Monday, July 19, 2010

Does AT&T's coverage extend to hell?

At mass Saturday night, we had the treat of listening to another homily by the new associate pastor of our parish. I heard the guy for the first time a few weeks ago and was not impressed. I don't agree with his views on a lot of things. Well, I don't agree with the Church's views on a lot of things but for the most part I can skate by with a live-and-let-live attitude while gravitating toward the more progressive priests and nuns. Yes, there are a few. There aren't many, but they give me hope for the Church.

The new associate pastor is most definitely not one of those progressive priests. He completely pissed me off with the first homily I heard from him, but, you know, I'm a pretty forgiving person ('cause that's what Jesus would do) and I thought I'd give him another shot.

Saturday, though, he did me in. I'm finished with this guy. Done. Two homilies and out.

We were treated to a 10-minute harangue about how sinful we are. Yes, I get that we are sinners. We are all sinners. No one is perfect. It's part of being human. Our imperfections, I think, make us unique and beautiful and perfectly human. The grace comes through being able to live with and love each other despite our imperfections. What does faith mean if there is no test? What would it mean to be faithful if it was really just that easy? If we were all perfect, would we even need a church? Be careful what you wish for.

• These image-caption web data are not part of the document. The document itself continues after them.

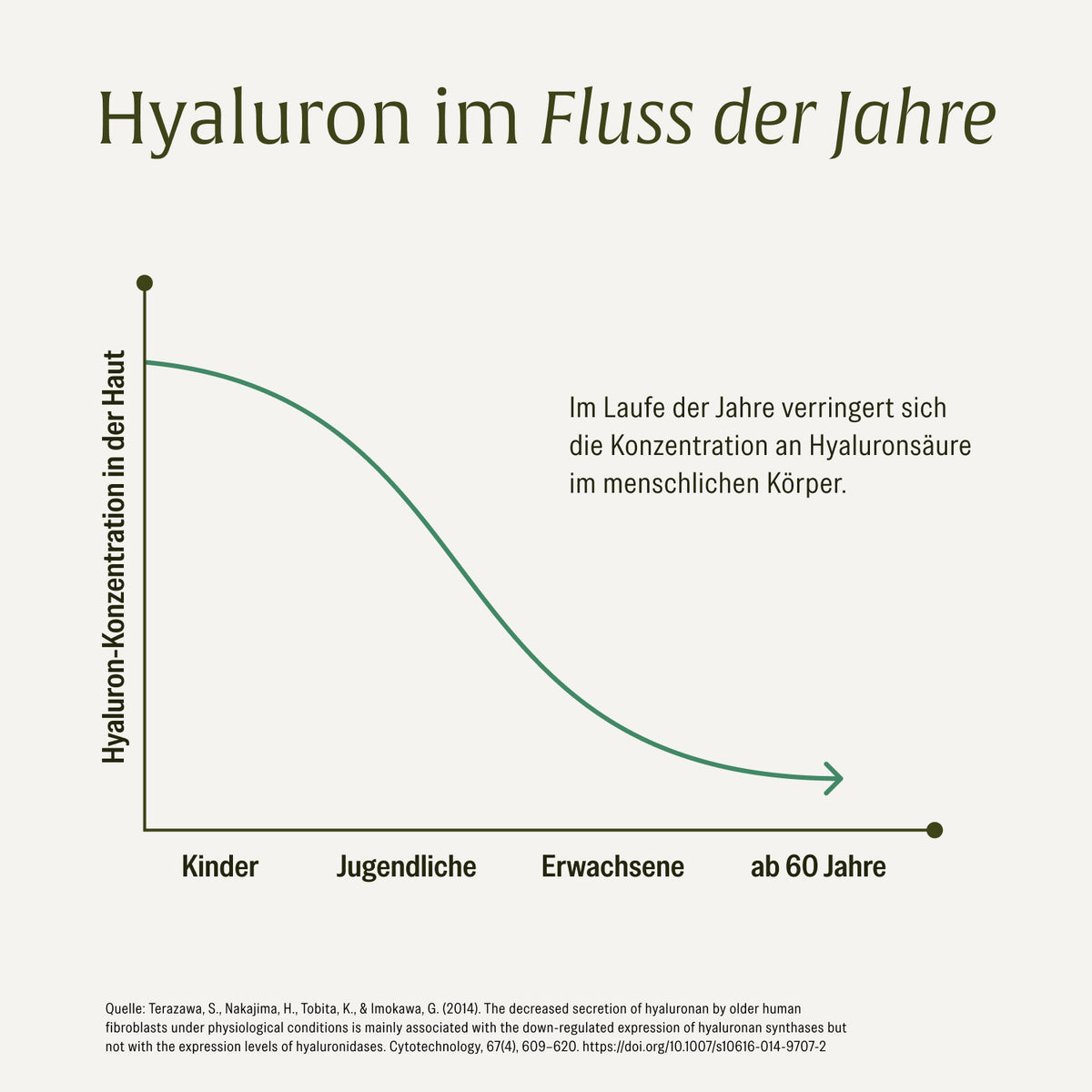 Jungquell mit-Hyaluronsaeure-Aloe-Vera-Hagebutte-Hirse-Biotin Moodbild Vergleich 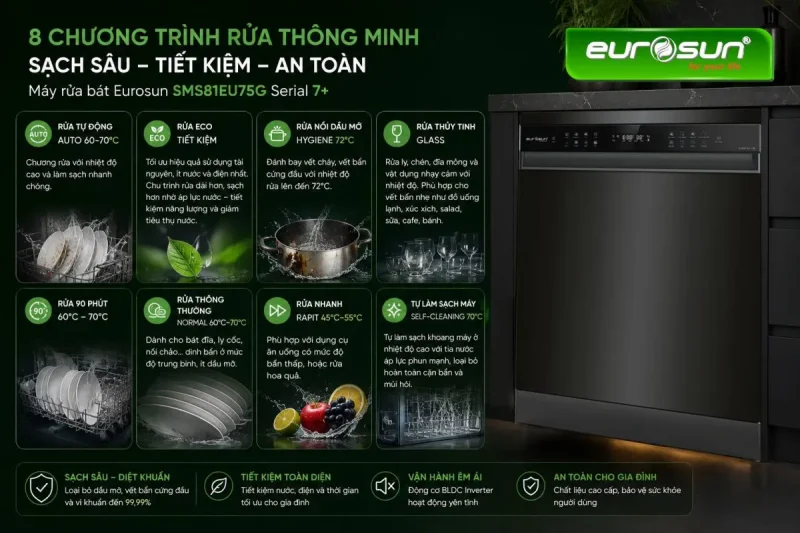 MÁY RỬA BÁT EUROSUN SMS81EU75G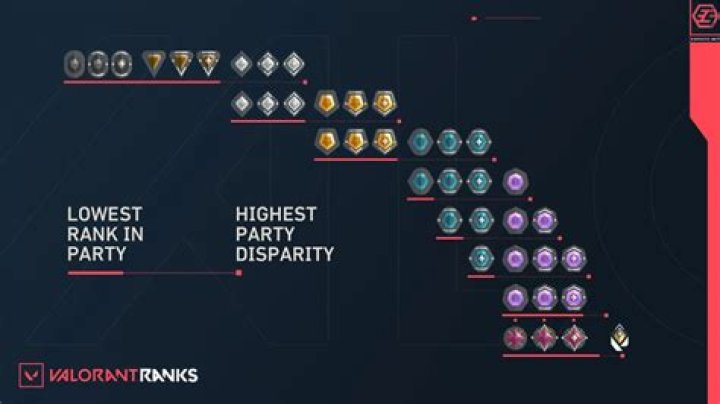 Does Valorant have MMR? - GameRevolution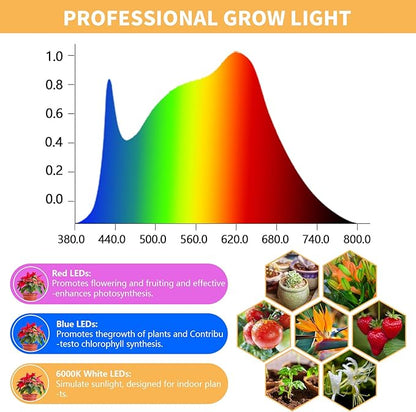 Grow Light for Indoor Plants Growing, 4000K Full Spectrum Halo Plant Lamp for Seedlings Succulents Small Mini Plants, 3 Colors Spectrum Changeable & Auto On Off Timer 4/8/12/18Hrs (2 Pack)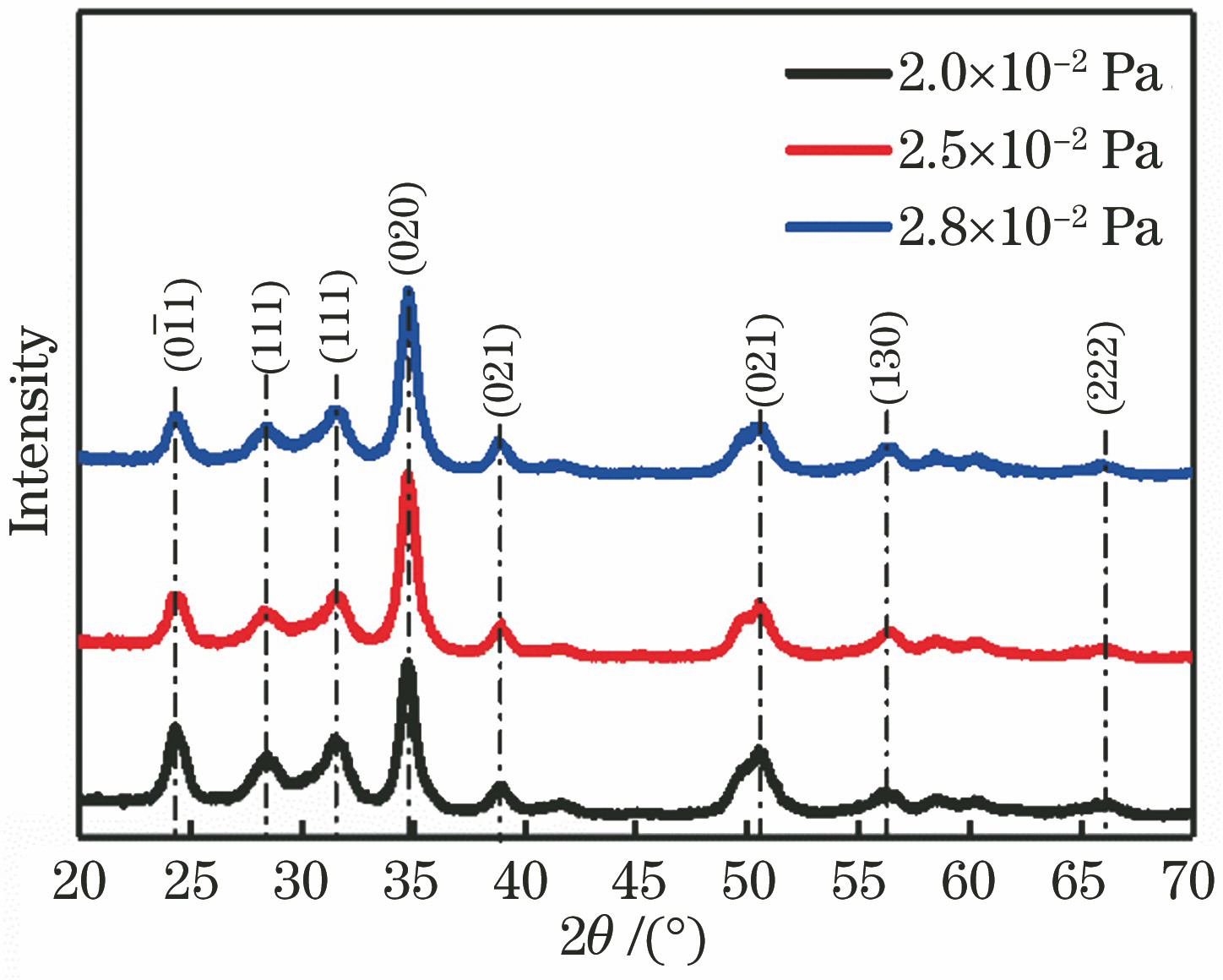 Infrared transmittance spectra of DLC film samples prepared under different conditions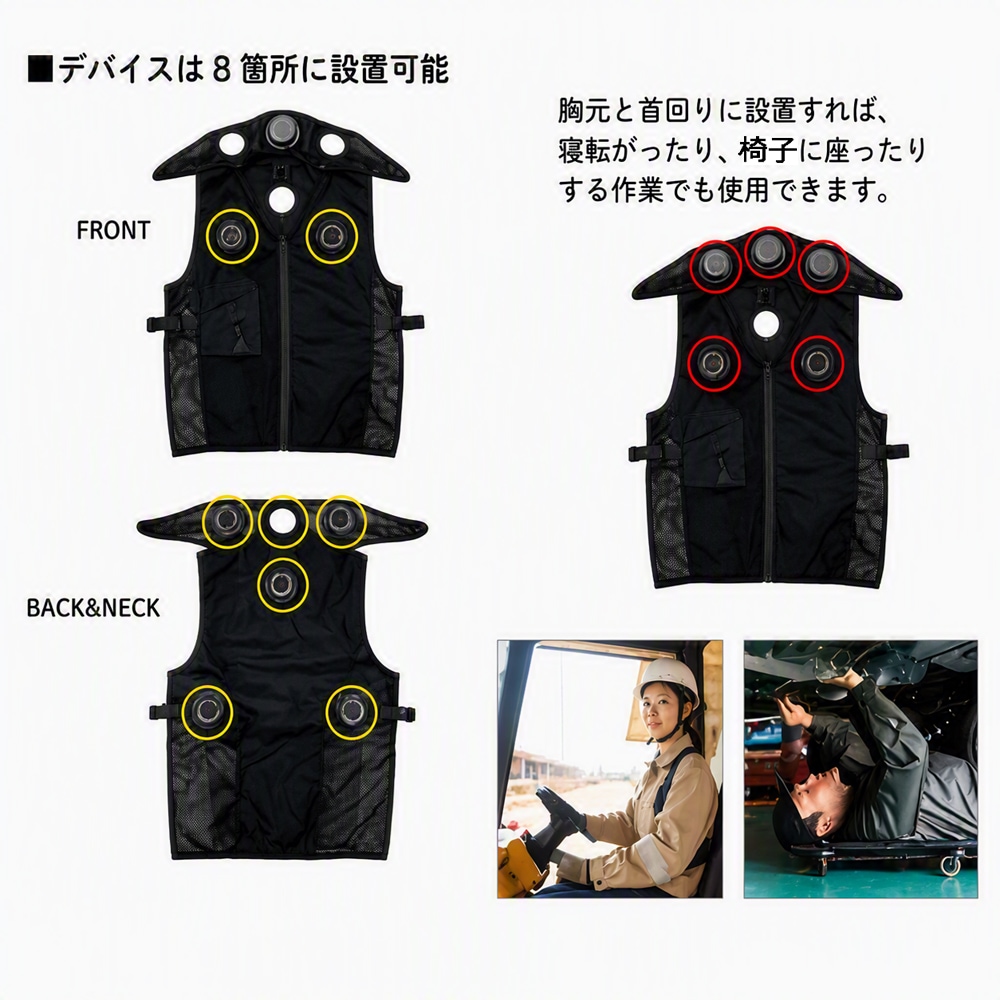 BODY TOUGHNESS JW-698 マルチペルチェベスト BT ABILITY バッテリー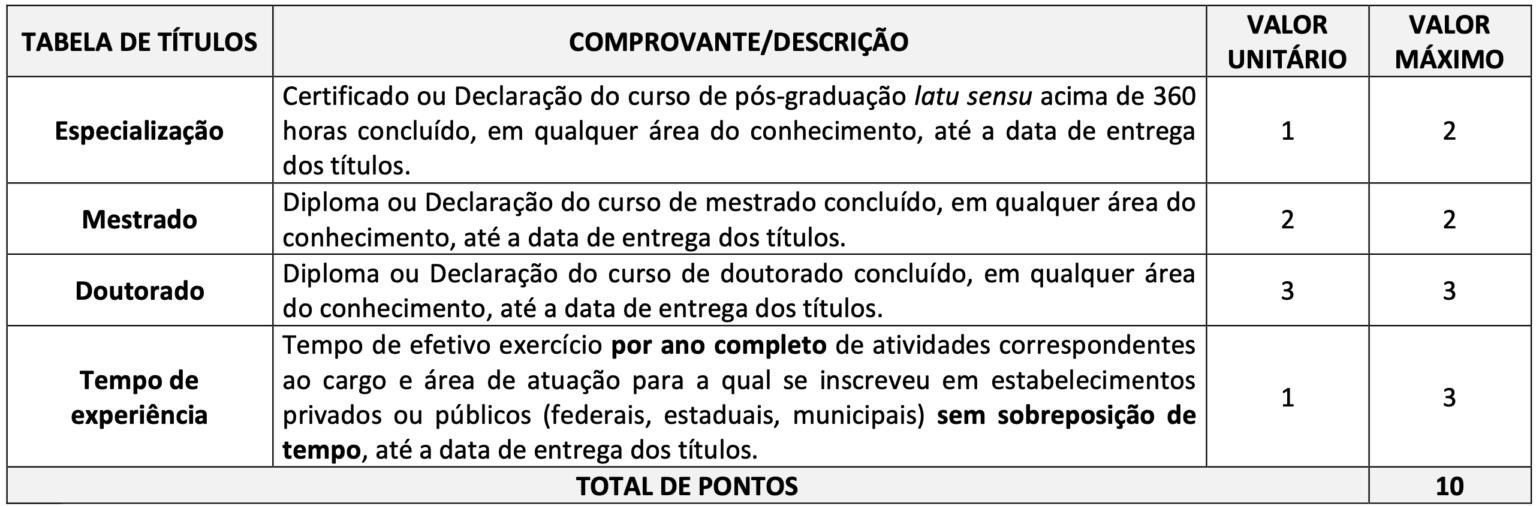 Concurso Mp Pr Resultado Da Discursiva Divulgado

The associate pastor stood up there and lectured us. He used the guise of a "story" to let us know that we are all horrible people for living our lives the best we can in this modern day and age. He looked over a crowd of people who are obviously committed enough to their faith to come to church on a Saturday afternoon at 5, and told us that wasn't good enough. (Well, yeah, I mean, just going to church every week does not absolve one of one's sins, but it's at least an effort to maintain contact with one's faith.) (Although I do think that Jim Winkler might have hit the nail on the head when he admitted that he goes to church weekly "just in case it counts.")

We were berated for having iPhones and Blackberries, for having sports cars, and for working hard. We were told that we don't have dinner together as a family enough (which pissed me off because yeah, asshole, we do have dinner together as a family all the time...but how would you know that since you're new to our parish and haven't bothered to meet me - or anyone else - before casting dispersions). We were told that we are horrible parents who don't spend enough time with our children. The list goes on, but I'm pretty sure he took out every single one of us in the pews through his various accusations.

Not to brag, but my parish kicks ass. My parish is like straight out of Mayberry or something. People have been going to that church for decades, contributing time and money and faith and energy. M's grandmother and mother have been around from the beginning. M and his brother went to school there, and there isn't a weekend that goes by without him pointing out and/or greeting the parents of some kid he went to school with. People are just overwhelmingly nice and friendly. Social events are full of love and laughter. The community pulls together time and time again to give food for the poor, backpacks full of school supplies for underprivileged children, shelter for the homeless. We not only always hit our fundraising goals, we blow them away. Resources abound with bible study groups, support groups, singles mixers, recovery from divorce, etc. This is a solid, prayerful community full of good people.

Only, according to the new guy, we're all a bunch of soulless f*cks who neglect our children and our God to stand in line for an iPhone/sports car/whatever.

So, yeah, I guess I'm going to hell because I have an iPhone and, on the weekends, I give up my '99 Honda Accord for a spin in my new Corvette (without my child, with whom I just spent an entire day swimming at the Lodge with all her school friends, followed by a nice family dinner). Where do I find an AT&T cellphone coverage map for Hell? I gotta stick with AT&T 'cause I ain't givin' up the iPhone.

(Those of you who know me well know that I tend to be, shall we say, passionate about things. I can get fired up pretty easily. Since I know this about myself, I reserved judgement - even after the second homily - until I could use my FIL as a sounding board. He can be a pretty objective guy, and shrewd. Saturday night, when we were all sitting down to our, ahem, family dinner, I mentioned the associate pastor. My FILs eyes went wide and he shook his head slowly, "Man, that guy's gotta lighten up!" I rest my case.)